Posted to commits@spark.apache.org by jk...@apache.org on 2015/07/31 02:26:22 UTC
spark git commit: [SPARK-9077] [MLLIB] Improve error message for
decision trees when numExamples < maxCategoriesPerFeature
Repository: spark
Updated Branches:
refs/heads/master 351eda0e2 -> 65fa4181c
[SPARK-9077] [MLLIB] Improve error message for decision trees when numExamples < maxCategoriesPerFeature
Improve error message when number of examples is less than arity of high-arity categorical feature
CC jkbradley is this about what you had in mind? I know it's a starter, but was on my list to close out in the short term.
Author: Sean Owen <so...@cloudera.com>
Closes #7800 from srowen/SPARK-9077 and squashes the following commits:
b8f6cdb [Sean Owen] Improve error message when number of examples is less than arity of high-arity categorical feature
Project: http://git-wip-us.apache.org/repos/asf/spark/repo
Commit: http://git-wip-us.apache.org/repos/asf/spark/commit/65fa4181
Tree: http://git-wip-us.apache.org/repos/asf/spark/tree/65fa4181
Diff: http://git-wip-us.apache.org/repos/asf/spark/diff/65fa4181
Branch: refs/heads/master
Commit: 65fa4181c35135080870c1e4c1f904ada3a8cf59
Parents: 351eda0
Author: Sean Owen <so...@cloudera.com>
Authored: Thu Jul 30 17:26:18 2015 -0700
Committer: Joseph K. Bradley <jo...@databricks.com>
Committed: Thu Jul 30 17:26:18 2015 -0700
----------------------------------------------------------------------
.../apache/spark/mllib/tree/impl/DecisionTreeMetadata.scala | 8 ++++++--
1 file changed, 6 insertions(+), 2 deletions(-)

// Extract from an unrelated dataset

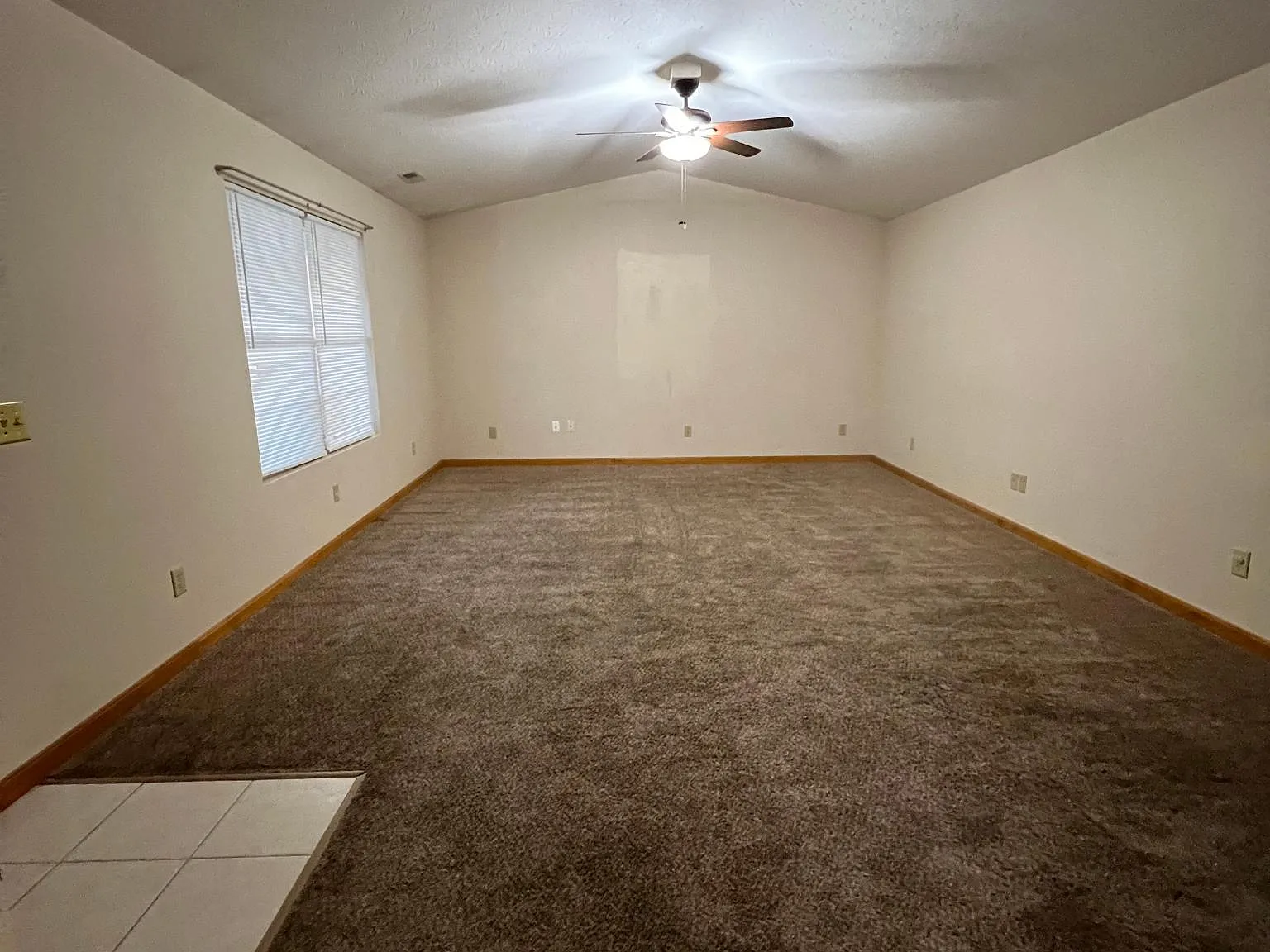 2 bed, 1200 sqft, $1,100 — Photo 4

----------------------------------------------------------------------
http://git-wip-us.apache.org/repos/asf/spark/blob/65fa4181/mllib/src/main/scala/org/apache/spark/mllib/tree/impl/DecisionTreeMetadata.scala
----------------------------------------------------------------------
diff --git a/mllib/src/main/scala/org/apache/spark/mllib/tree/impl/DecisionTreeMetadata.scala b/mllib/src/main/scala/org/apache/spark/mllib/tree/impl/DecisionTreeMetadata.scala
index 380291a..9fe2646 100644
--- a/mllib/src/main/scala/org/apache/spark/mllib/tree/impl/DecisionTreeMetadata.scala
+++ b/mllib/src/main/scala/org/apache/spark/mllib/tree/impl/DecisionTreeMetadata.scala
@@ -128,9 +128,13 @@ private[spark] object DecisionTreeMetadata extends Logging {
// based on the number of training examples.
if (strategy.categoricalFeaturesInfo.nonEmpty) {
val maxCategoriesPerFeature = strategy.categoricalFeaturesInfo.values.max
+ val maxCategory =
+ strategy.categoricalFeaturesInfo.find(_._2 == maxCategoriesPerFeature).get._1
require(maxCategoriesPerFeature <= maxPossibleBins,
- s"DecisionTree requires maxBins (= $maxPossibleBins) >= max categories " +
- s"in categorical features (= $maxCategoriesPerFeature)")
+ s"DecisionTree requires maxBins (= $maxPossibleBins) to be at least as large as the " +
+ s"number of values in each categorical feature, but categorical feature $maxCategory " +
+ s"has $maxCategoriesPerFeature values. Considering remove this and other categorical " +
+ "features with a large number of values, or add more training examples.")
}
val unorderedFeatures = new mutable.HashSet[Int]()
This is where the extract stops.